> [Supplied data]:
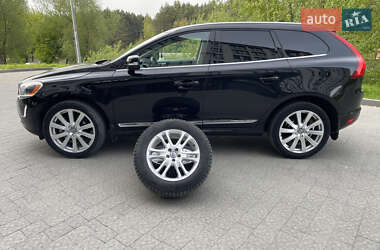 Позашляховик / Кросовер Volvo XC60 2017 в Новояворівську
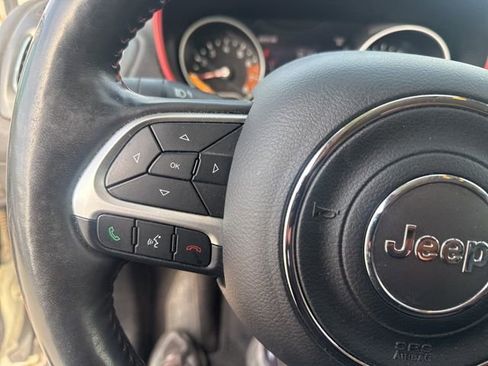 Used 2017 Jeep Compass Trailhawk w/ Leather Interior Group image 18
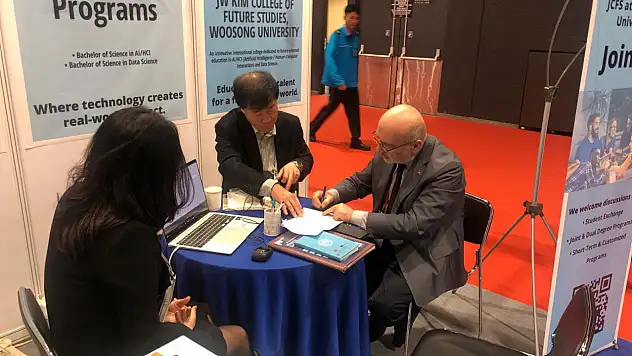 Rektör Kurtuluş, Hong-Kong'da temaslarını sürdürüyor!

> [Aim of the exercise]: Word-for-word transcription: the whole listing, with images excluded.

> [Exercise result]:
 Позашляховик / Кросовер Volvo XC60 2017 в Новояворівську
 Used 2017 Jeep Compass Trailhawk w/ Leather Interior Group image 18
 Rektör Kurtuluş, Hong-Kong'da temaslarını sürdürüyor!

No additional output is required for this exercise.